Saturday, June 2, 2018

STILLNESS SPEAKS

LANCE UPDATE
The old man seems to be doing much better! Thank you all for the well-wishes! As I type this, he is devouring endive and pushing Russette out of the way. Well, pushing her out of the way the best he can. She's a bruiser.

•The Oxbow Joint Support is a big hit with him.

•As of yet, there is no need for but baths. It is just getting his back foot INTO his ear that is the issue so far.

•Aaaaaand he just pooped right . outside . the . clean . litterbox.

He's tired of my crap.


MINECRAFT
I absolutely love it when I hear from the humans. I love it, even more, when they share their stories, art, shenanigans with me! Veronica wrote expressing her son's want to share his "RABBIT ISLAND" with me.

Let's see: Rabbits + Minecraft = SO.MUCH.YES!

Minecraft Obsession

SILENT REFLECTION
May brought more loss this year. The month is always a time of transition but this year it seemed to be moreso than other Mays. A much-too-young friend of beasties (and humanity), who struggled much of their life, left this world. And left us to remember him.

And now there is a space.



Sunday, May 20, 2018

GRANDFATHER LANCE

Greetings all you bunny freaks!
Let us take 30 seconds to watch GODZILLA -- as presented by
30 Seconds Bunnies Theatre!




Make sure to travel down THAT rabbit hole and lose several hours of time viewing classic movies (old and new) performed in 30 seconds ... by cartoon bunnies! (And show the humans some love!)

SPRING FLING
Well, it's that time of year AGAIN. Grandfather Lance has an ear infection. This happens every change of the main seasons. The vet explained going into winter things pipe up because the body is adjusting to shedding and growing out a new coat. Springtime brings -- well shedding and the Spring crazies.

Naturally, I phoned my veterinarian the MOMENT I noticed Lance was "off". (I put off calling the doctor for myself for months, mind you). As is typical -- he was on vacation for 2 weeks.

Of COURSE, he's on vacation!
You may think I panicked. I did. But that's beside the point. This Rabbit Woman has a backup rabbit-savvy vet. (And if THAT vet was on "vacation" then I have an EMERGENCY VET). Off we went to the backup rabbit-savvy vet. Who was not in. But there was a new doctor there -- Backup to the backup!
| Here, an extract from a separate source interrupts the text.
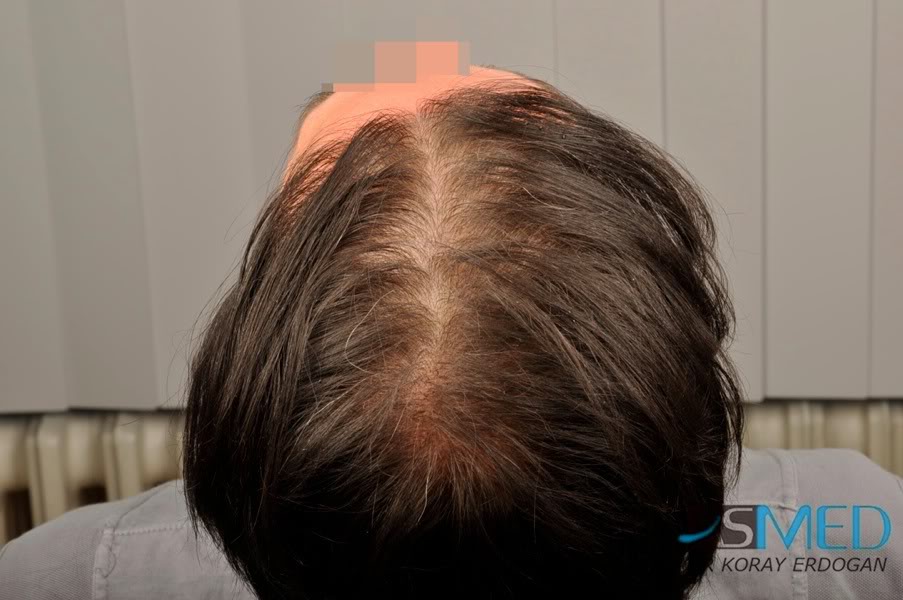 Norwood5 2700-grafts-FUE-Repair 32ac9646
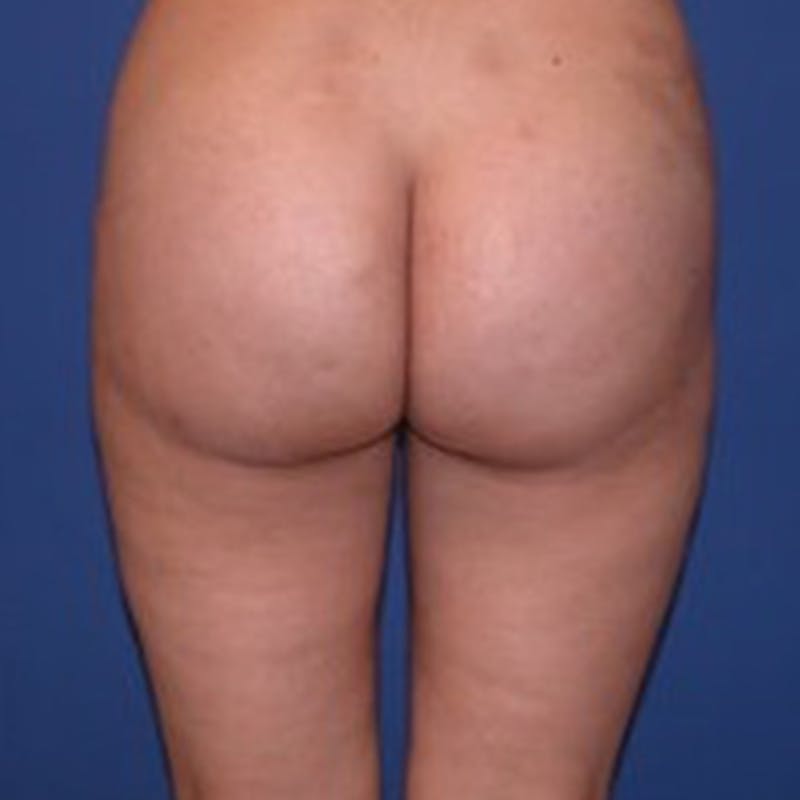 Liposuction Before & After Gallery - Patient 154948657 - Image 2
Of COURSE, she's not there!
Dr. Backup Backup Rabbit Savvy-Vet looked 16 and, refreshingly, had the same enthusiasm. I have been to this rodeo many times so basically dictated what I expected.
"I LOVE BUNNIES!"

As nerve-wracking as it was to have a total stranger touching my precious cargo, it was acceptable. And she was open to what I had to say.
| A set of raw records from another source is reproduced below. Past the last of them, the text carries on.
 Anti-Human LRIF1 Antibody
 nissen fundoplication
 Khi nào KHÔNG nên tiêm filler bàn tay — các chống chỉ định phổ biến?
I had brought all of the previous meds that Lance was prescribed and then left the appointment as a walking apothecary.


AGING BUNS
As in "bunnies" -- albeit my behind is aging as well. As it turns out, Lance's newest diagnosis shows him having the beginnings of arthritis. He can no longer get his hind leg up to clean his ears. The wax builds up and then it turns into a science class petre dish. I will be cleaning his ears for him once a week from now on. And perhaps -- this will help with the infections. (right).
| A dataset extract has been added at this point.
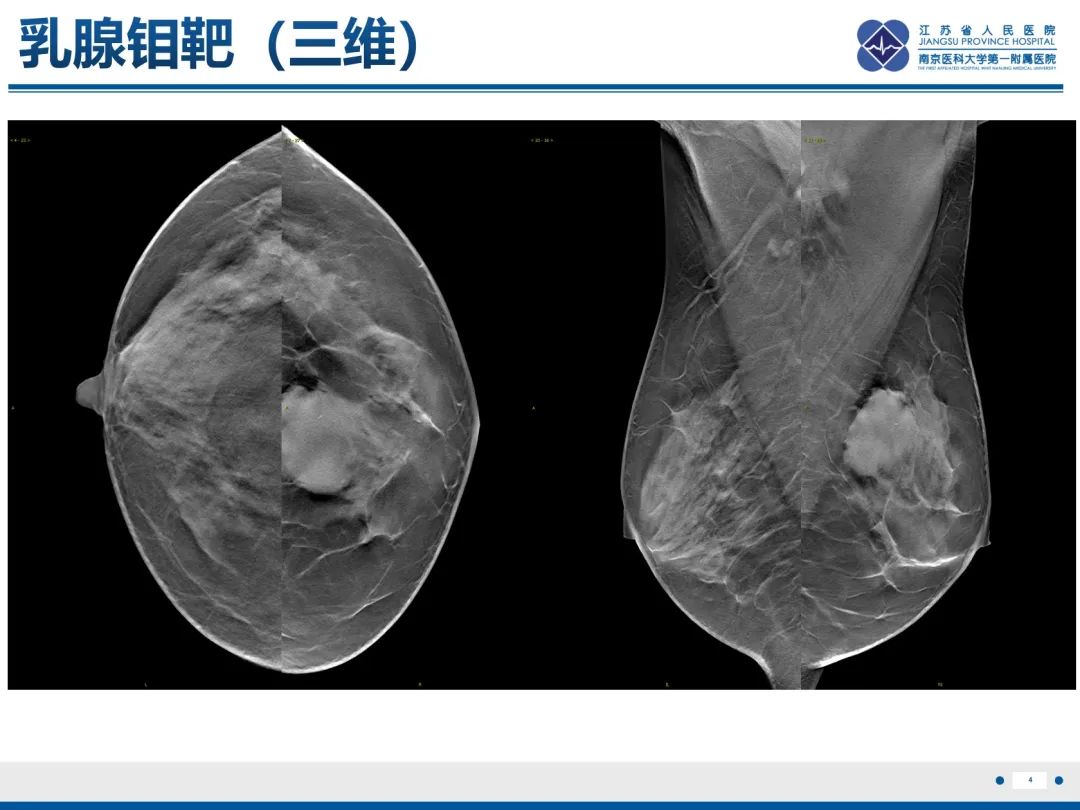 影像PPT - 【PPT】乳腺叶状肿瘤-5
I have now added joint support to the digestive support supplements as well as a probiotic. Again, I hardly exercise and barely remember to take vitamins. Ok, fine. I don't exercise. This is what my counter looks like:

I am giving Lance Critical Care.


Lance loves it and eats every bit. Somehow, however, he manages to get it all over me, my clothes, the floor, etc ...
My clothes after a Critical Care luncheon
I decided to maneuver him over a bowl as I fed him off of a spoon. Grandfather Lance had something to say about THAT:
He bites me because he likes me!
He is recovering well.
I am running out of clothes.

Tuesday, May 8, 2018

UPDATES!

REGARDING SHOP
I am still working on the shop! Truly! I am also uber overwhelmed by it. The shop itself will be simple (that's the plan anyhow). I know, for now, only light color shirts will be available -- BUT LOOK AT ONE OF THEM!


I am not sure how to go about figuring out shipping costs etc. The way I figure it: if a billion people on ETSY can figure this out, so can I!  (Dammit, Jim! I'm an artist, not a mathematician!)

\mathop {\lim }\limits_{x \to  - \infty }
 \tan ^{ - 1} \left( x \right) =  - \frac{\pi }{2}

NEWSLETTER
As fate would have it, there is a link to subscribe to a Newsletter. The gentleman who started building my shop (who disappeared), was encouraging me to do a newsletter. I have subscribers, but no newsletter. As you can see, I am on top of things. Yessirree.



BUTTERSCOTCH

The Tale of Butterscotch is winding down this week. We will be back to our regularly scheduled program soon. I will be sharing more information about f5rs rescue and Bunnies in Baskets, so stay tuned.


FAN ART!
And at last! Some ART! Fan Art to be exact. I love it when people send me things! Who doesn't like presents?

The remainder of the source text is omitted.